I'm trying to understand LayerNorm

John_Deatherage · March 21, 2023, 11:01pm

I’m trying to wrap my head around how to use nn.LayerNorm(). As I understand it, Layer Normalization takes the weights of a hidden layer and rescales them around the mean and standard deviation. Correct so far?

For example, let’s assume a simple plain vanilla feed-forward network.
def init(self, input_size, neurons, num_classes):
super(NeuralNet, self).init()
self.fc1 = nn.Linear(25, 10, bias=True) # input layer with 25 features
self.fc2 = nn.Linear(10, 10, bias=True) # hidden layer with 10 neurons
self.fc3 = nn.Linear(10, 2, bias=True) # output layer with 2 outputs

    def forward(self, x):
    x = F.relu(self.fc1(x))
    x = F.relu(self.fc2(x))   
    return torch.sigmoid(self.fc3(x))

I want to add nn.LayerNorm to the layers (fc1 & fc2).
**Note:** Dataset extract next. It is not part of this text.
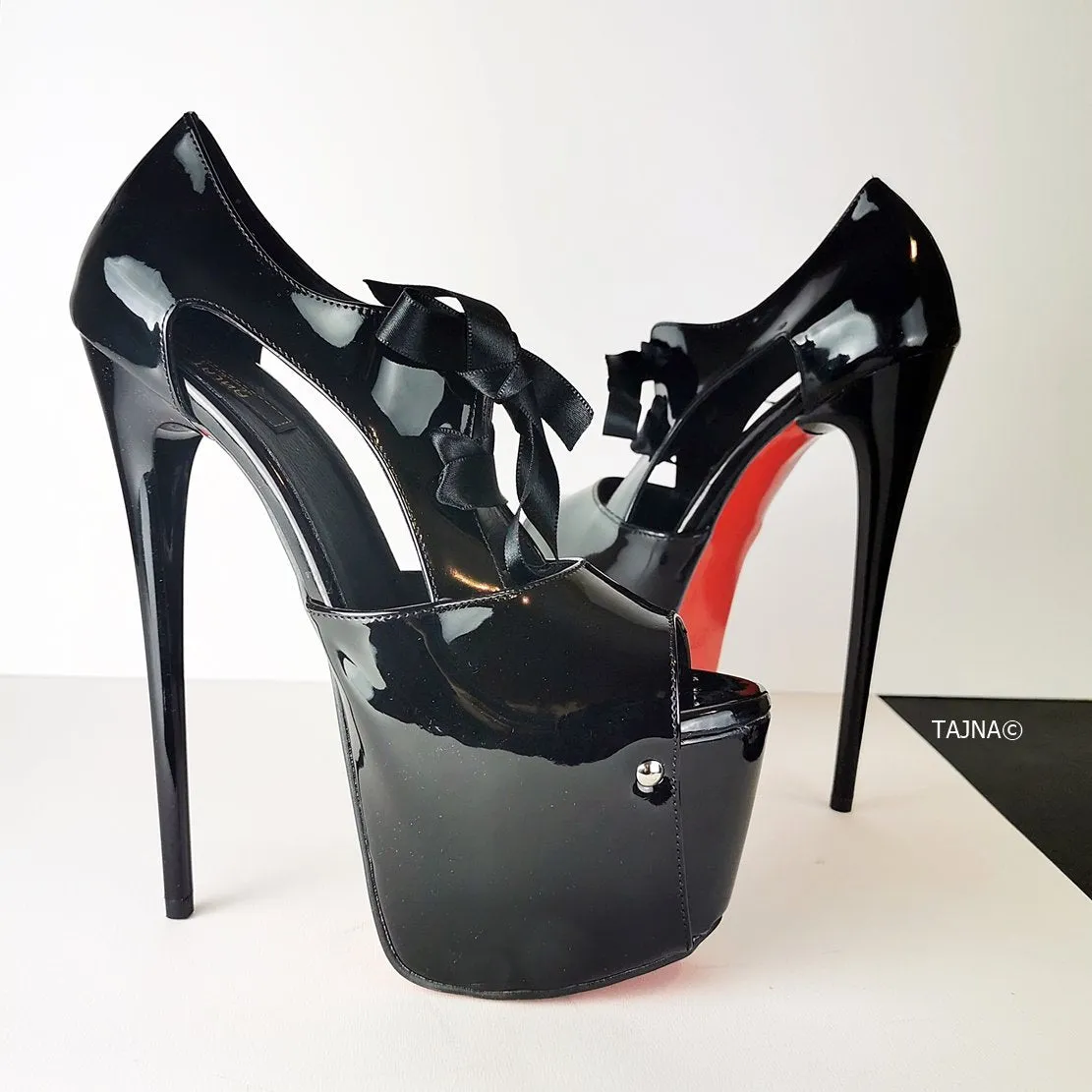 Black Patent Peep Toe Ankle Platforms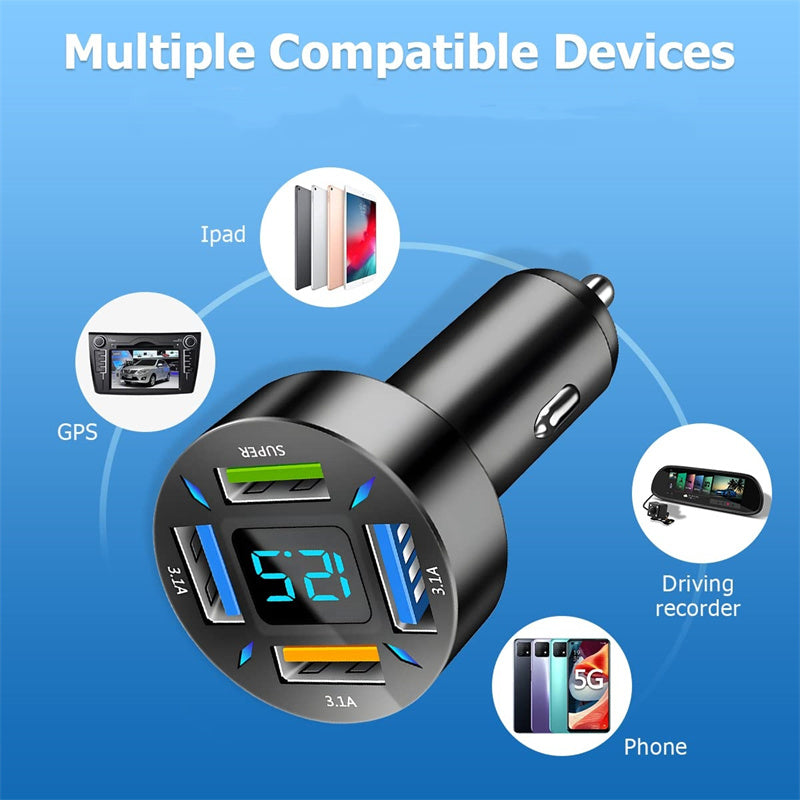4-Port Super Fast Car Charger with Digital Voltmeter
Should I add it into the forward method?

    def forward(self, x):
    x = F.relu(self.fc1(x))
    x = self.fc1.nn.LayerNorm(?????)
    x = F.relu(self.fc2(x))  
    x = self.fc2.nn.LayerNorm(?????) 
    return torch.sigmoid(self.fc3(x))

What I don’t understand are the arguments/parameters needed… I’ve read the documentation: torch.nn.LayerNorm(normalized_shape, eps=1e-05, elementwise_affine=True, device=None, dtype=None ) Using my example, what is the normalized_shape for fc1? for fc2?

be gentle, I’m a newbie THANK YOU for taking the time to read this and to HELP ME!